While admitting to be part of the culture of taking business-class flights and staying in classy hotels on another company’s dime in order “not to stand out,” Lee claims government agencies often gave him expensive holiday baskets that he would return — to the judgment of his peers.
He says peers also threatened him physically and verbally after he exposed a Joint Chiefs of Staff embezzlement case involving delivering money to journalists.
“You basically lose trust among your fellow reporters and sources because you stand out and people will try to negatively influence you,” Lee said.
The act was proposed in 2013 and took a backseat in parliament until the April 2014 Sewol ferry disaster exposed collusion between regulators and the shipping industry.
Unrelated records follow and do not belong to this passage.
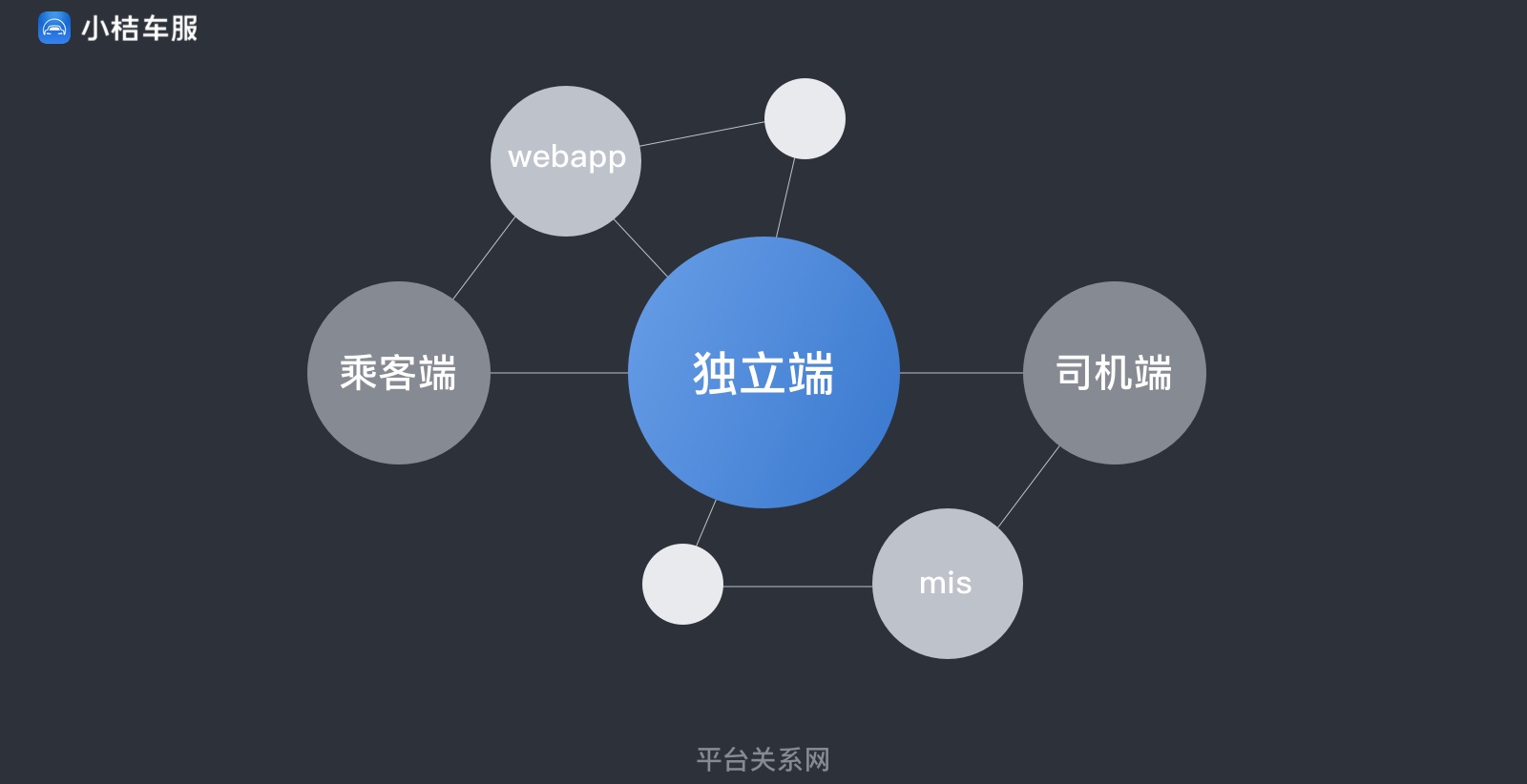 实战案例！滴滴「小桔车服」中台UX构建全方位复盘！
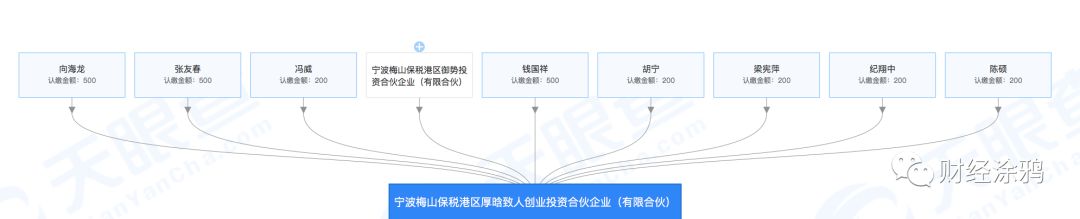 The original Baidu glutinous rice general manager Fu Haibo's entrepreneurial project won the angel round of financing, to Hailong as the investor LP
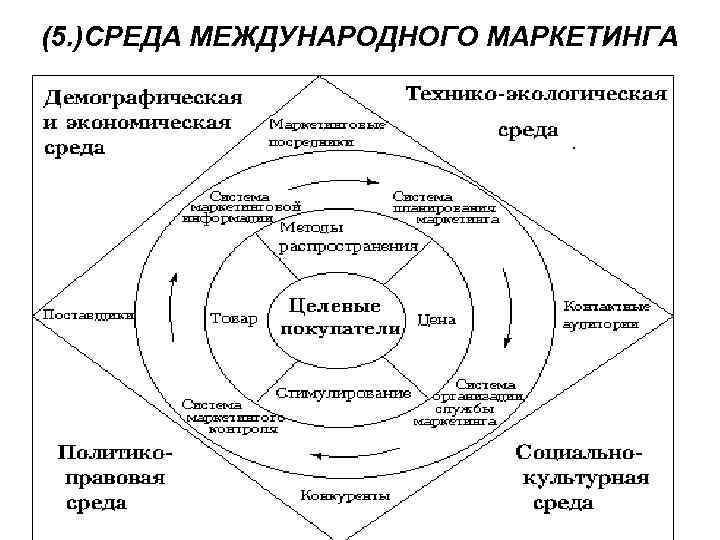 (5. )СРЕДА МЕЖДУНАРОДНОГО МАРКЕТИНГА 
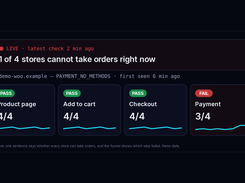 Store overview: checkout health, uptime and recent runs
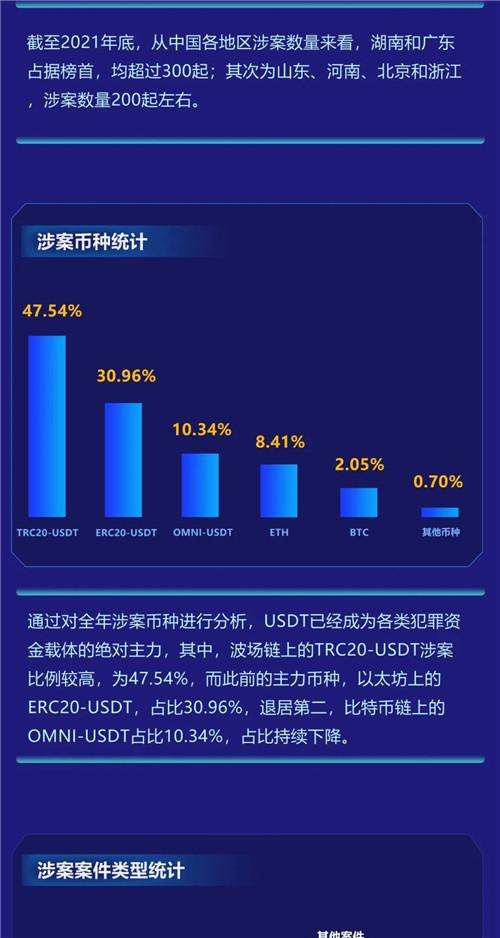 中国现在可以用虚拟货币线下消费-第1张图片-binance下载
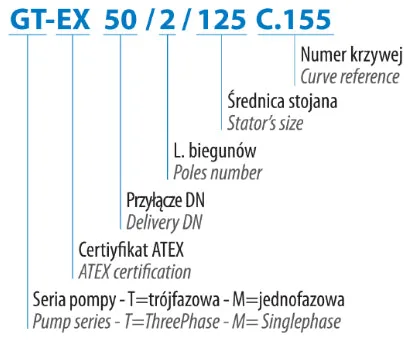 DRENO GT-EX - fekaliniai siurbliai su smulkintuvu, nuotrauka 2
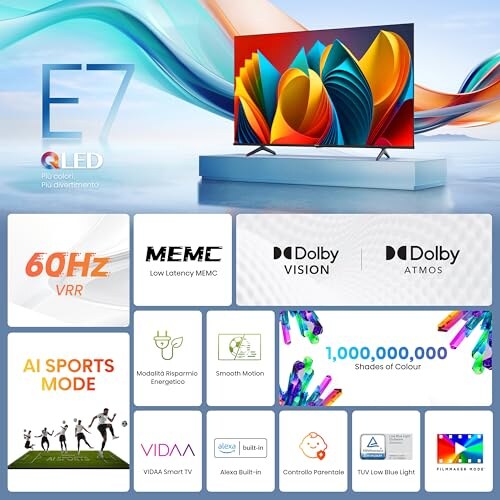 Hisense 65" QLED 4K Smart TV con Dolby Vision - immagine 2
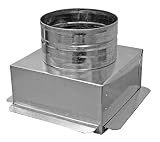 Duct Outlet 6" x 6" Ceiling Box, w/ 6" Round Collar - Connects Register Vent and Diffuser HVAC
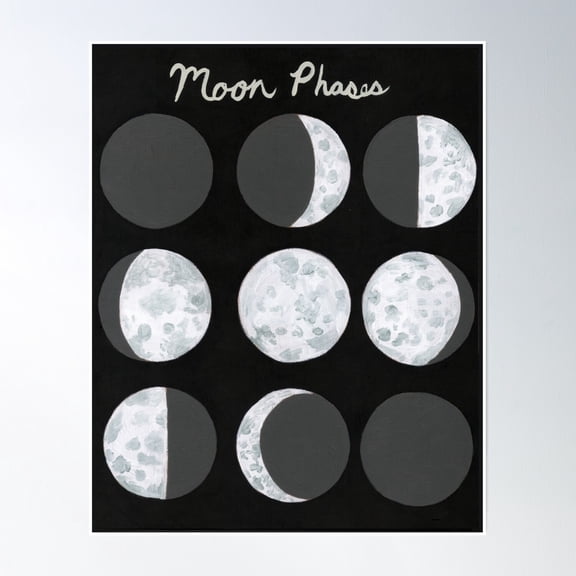 Moon Phases Chart - Dark Poster Wall Art, Modern Wall Decor, 8x12 UNFRAMED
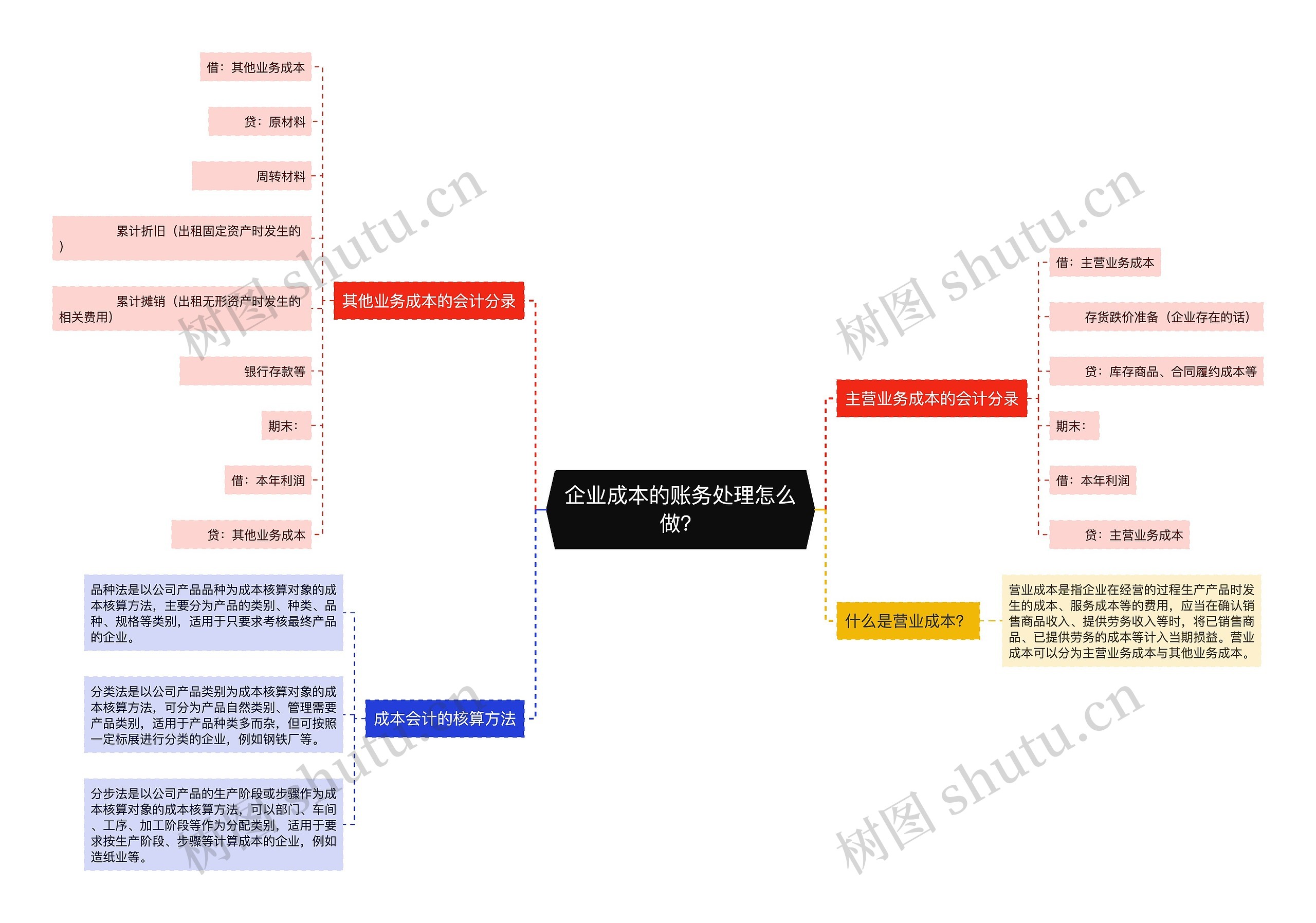 企业成本的账务处理怎么做？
It was revived and long debated before finally being passed in March 2015.
Critics are still wary over the vagueness of the law. For example, it sets price limits for work related gifts, but doesn’t specify what “work related” means. Critics also point out that while favors to journalists are banned, there may still be room to bribe the outlets themselves.
And while it may become harder for large companies to skirt the law, more will be required to reform the gift-giving and bribery mentality. Similar regulations to curb slush funds and entertainment spending have been evaded by splitting bills and other techniques.
Lee believes the culture and relationship between agencies and journalists will be hard to break, but the law marks an overall turn for the better.
“The biggest winners are the average public who wants to live a life without bribing others,” he says.